- Exercise details: Leave out every picture and set down, exactly, the lines below from the one holding "Annadale - Unique" up to and including the one holding "Women's Linen-Blend Chambray".

Scraped caption text data:

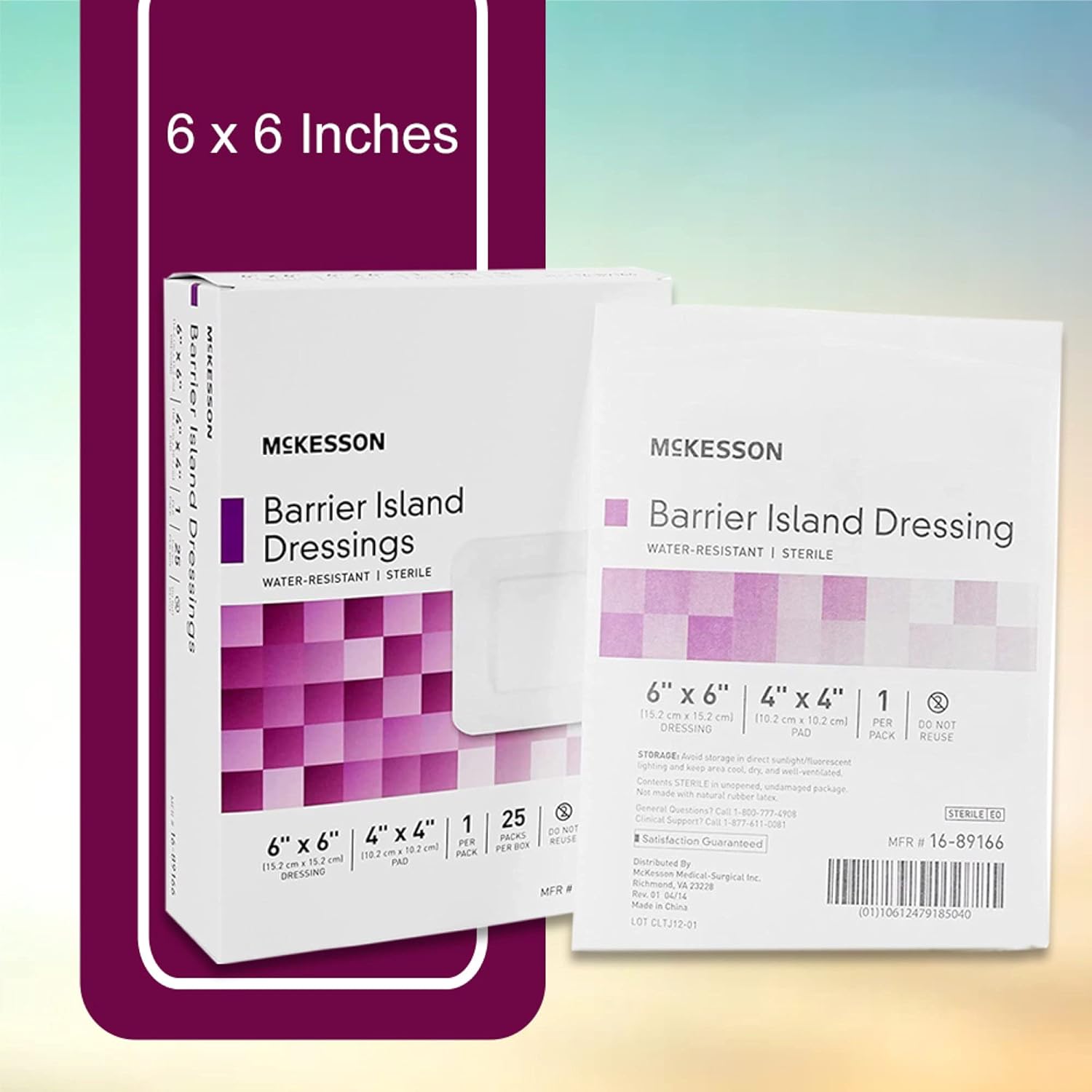 Mckesson Barrier Island Dressing, Sterile, Water-Resistant, 6 In X 6 In, 25 Count, 4 Packs, 100 Total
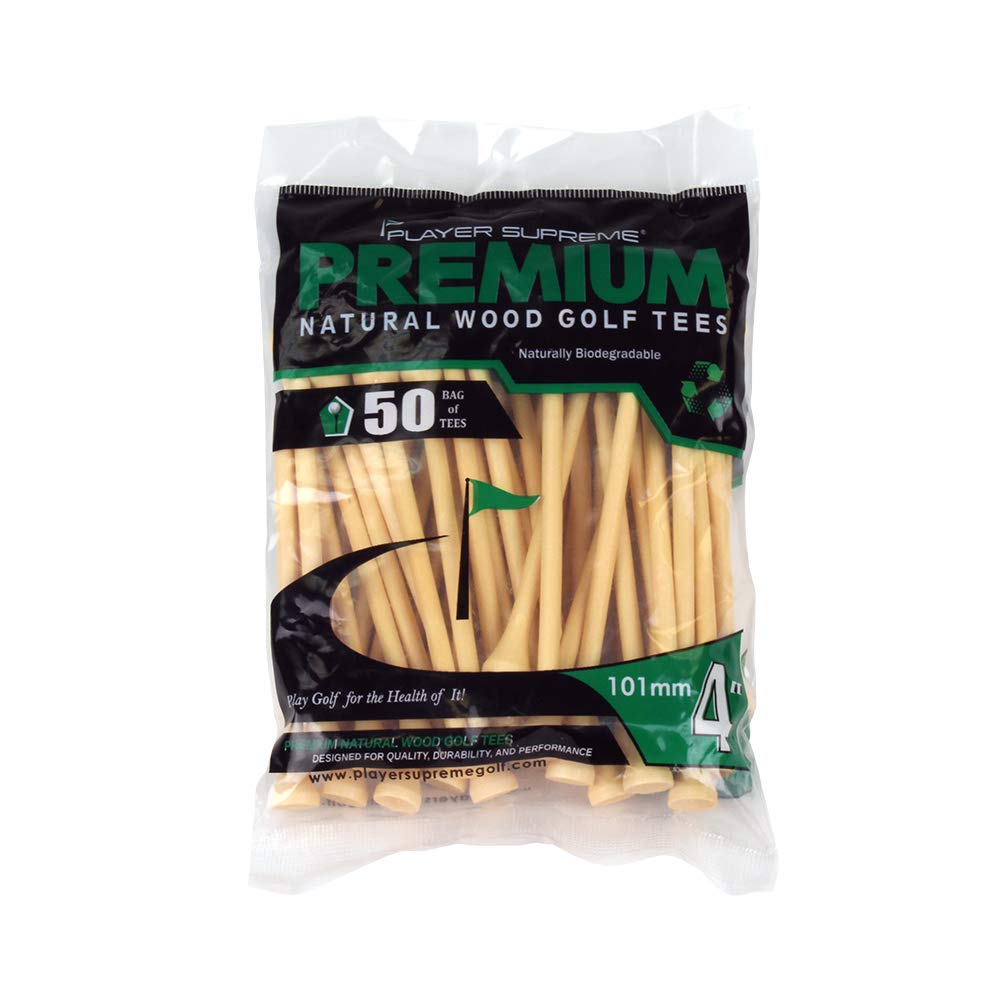Player Supreme4" Premium Wood Golf Tees - 50 Pack (Natural)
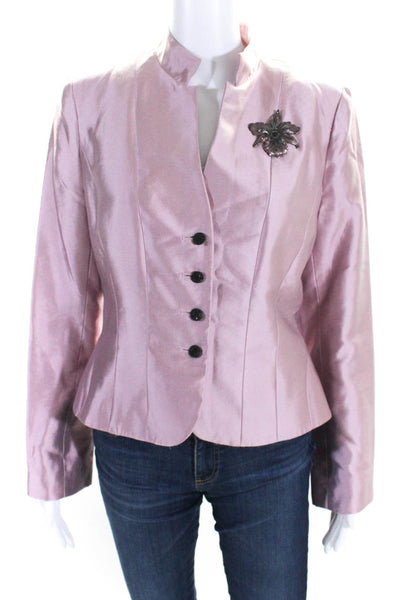 Kay Unger Womens Silk Blend High Neck Button Up Blazer Jacket Pink Size 8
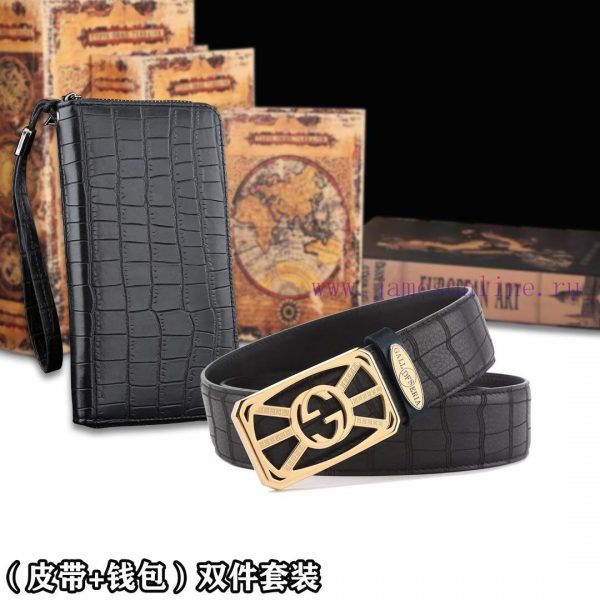 Belt and wallet two-piece setWooden box with accompanying picturesGUCC @ Belt+Wallet SetBuck orebdco3 - Image 9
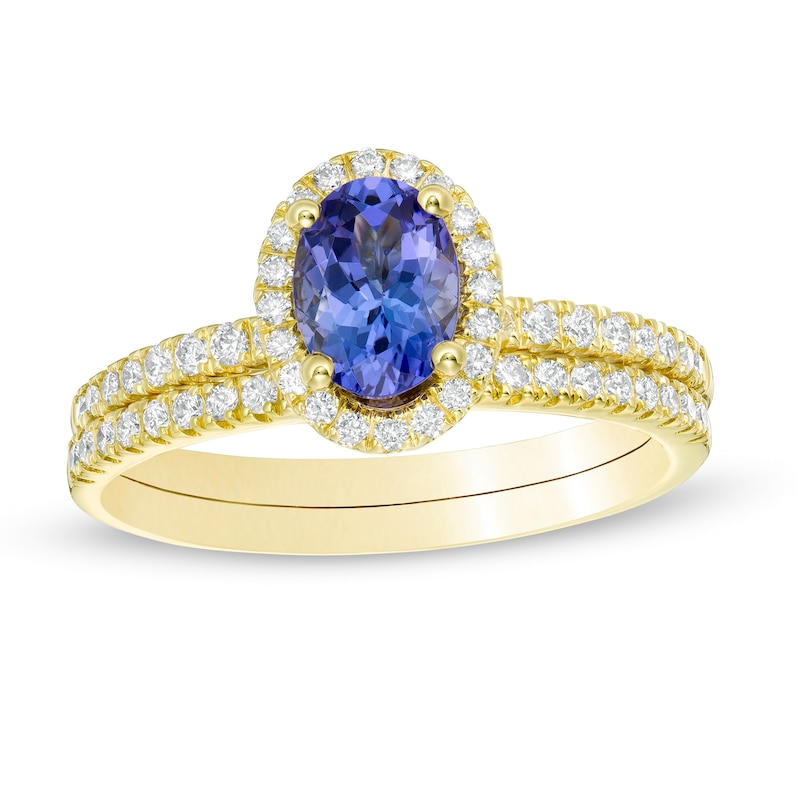 Oval Tanzanite and 0.33 CT. T.W. Diamond Frame Bridal Set in 14K Gold
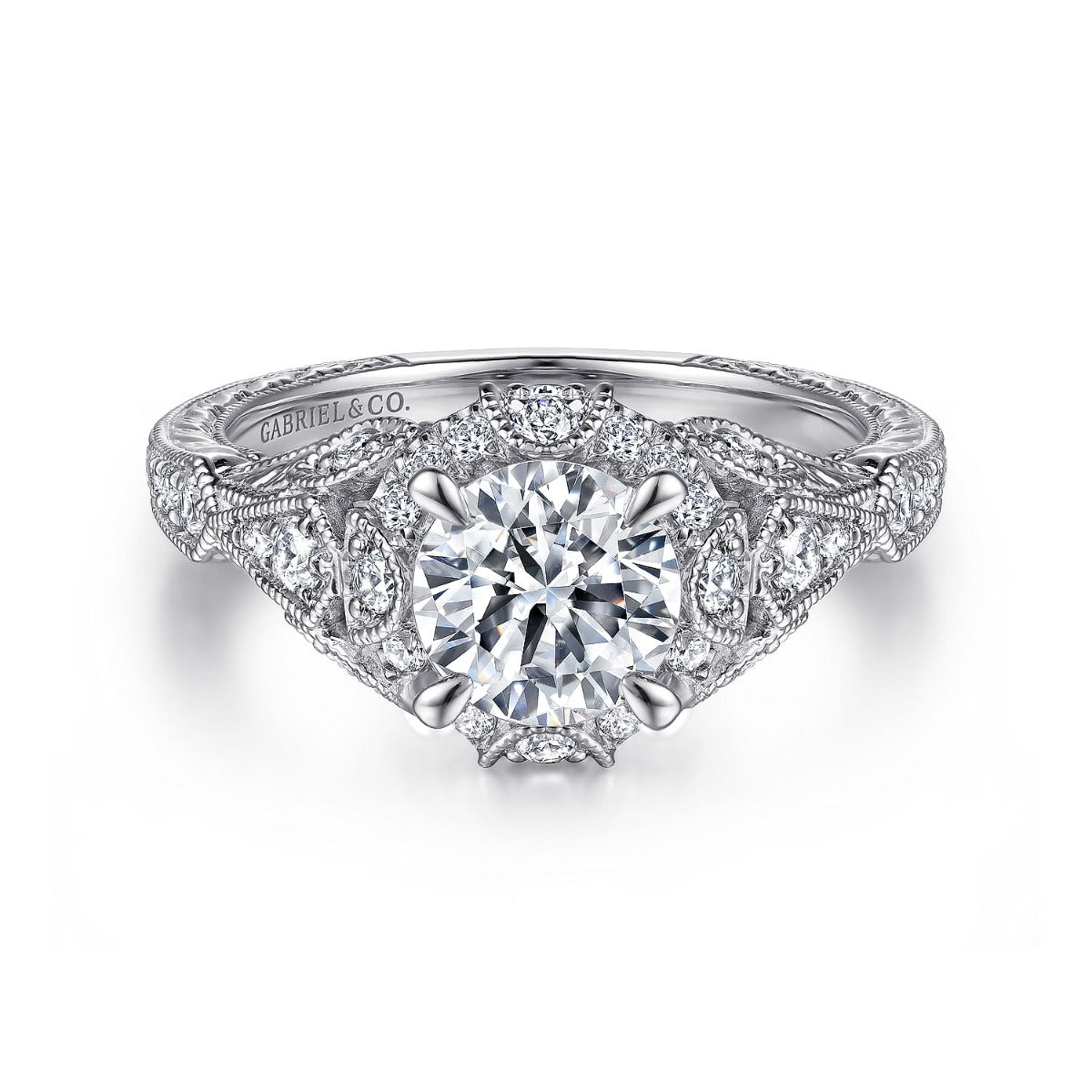 Annadale - Unique 14K White Gold Vintage Inspired Semi Mount Halo Semi-Mount Ring
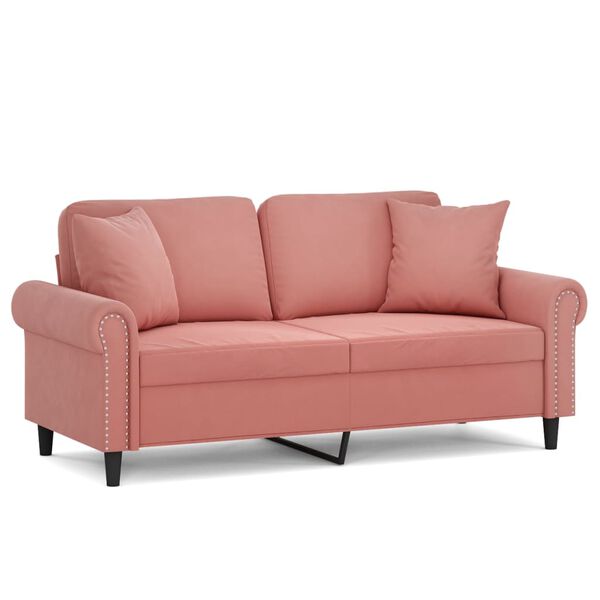 vidaXL 2-miestna pohovka s vank&uacute;&scaron;mi ružov&aacute; 140 cm zamat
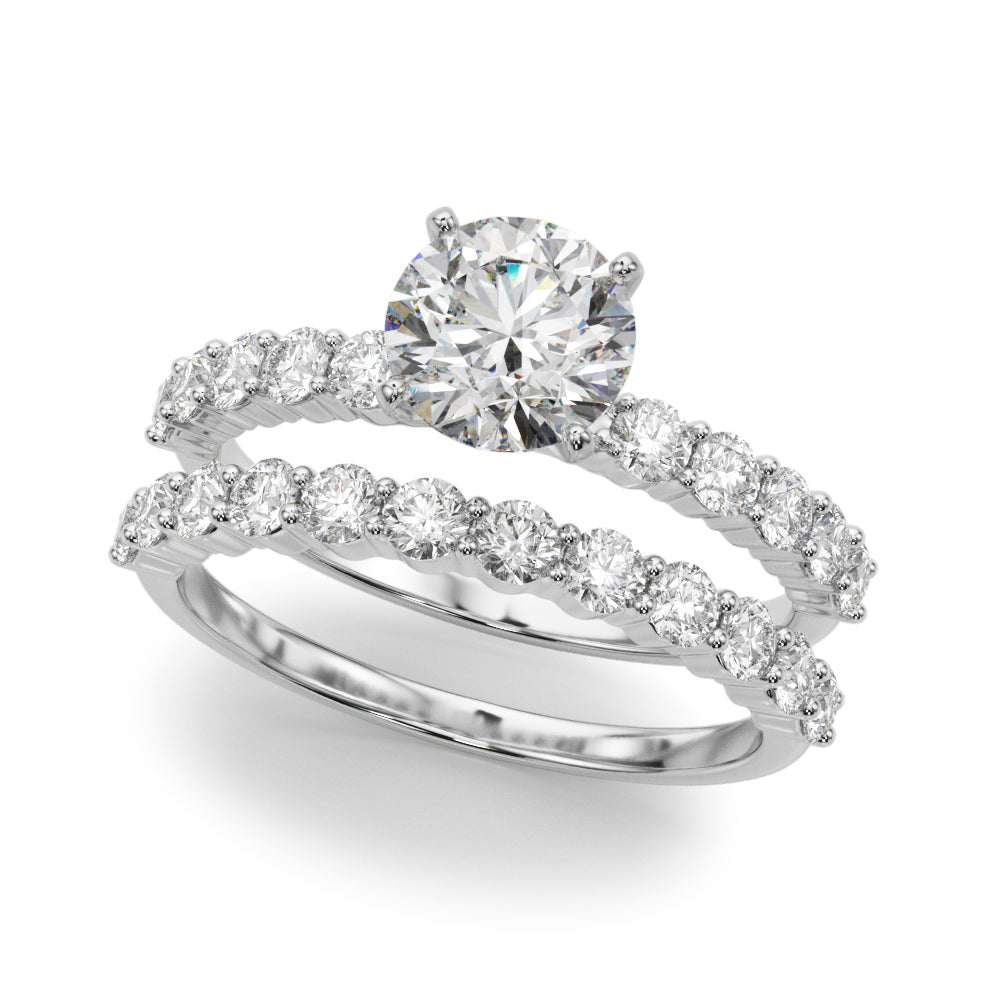 Radiant Remount Ring Round Diamond Engagement Ring — 9K/18K Gold & Platinum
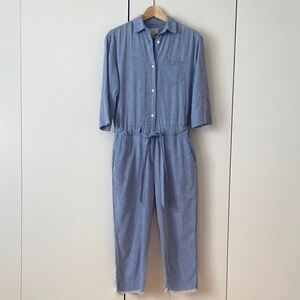 Women's Linen-Blend Chambray Jumpsuit with Tie Waist | Size Small | Light Blue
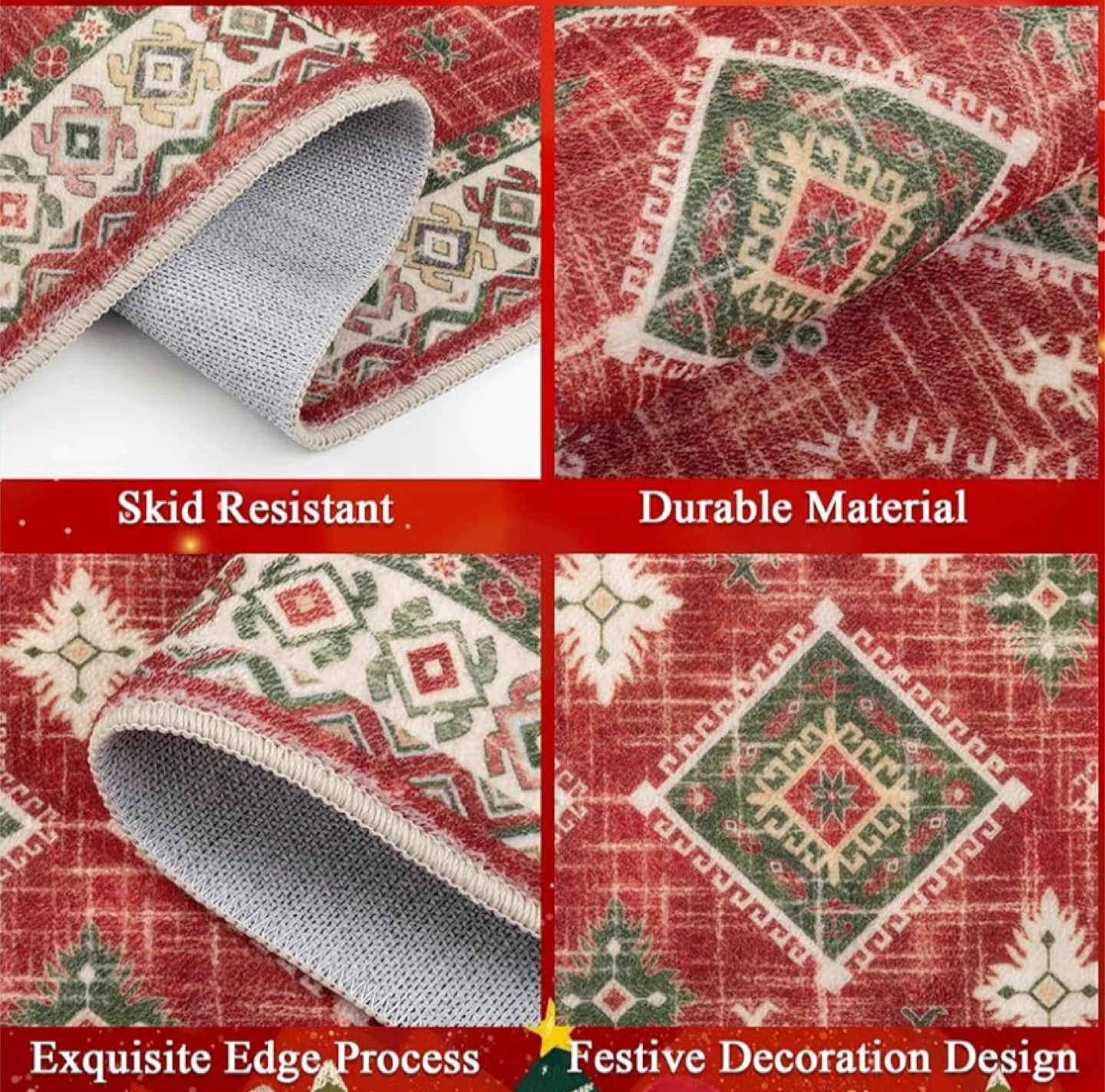 HEBE Kitchen Rug Set - Red/Green - 3 Piece - photo 3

- Solution to the problem:
 Annadale - Unique 14K White Gold Vintage Inspired Semi Mount Halo Semi-Mount Ring
 vidaXL 2-miestna pohovka s vank&uacute;&scaron;mi ružov&aacute; 140 cm zamat
 Radiant Remount Ring Round Diamond Engagement Ring — 9K/18K Gold & Platinum
 Women's Linen-Blend Chambray Jumpsuit with Tie Waist | Size Small | Light Blue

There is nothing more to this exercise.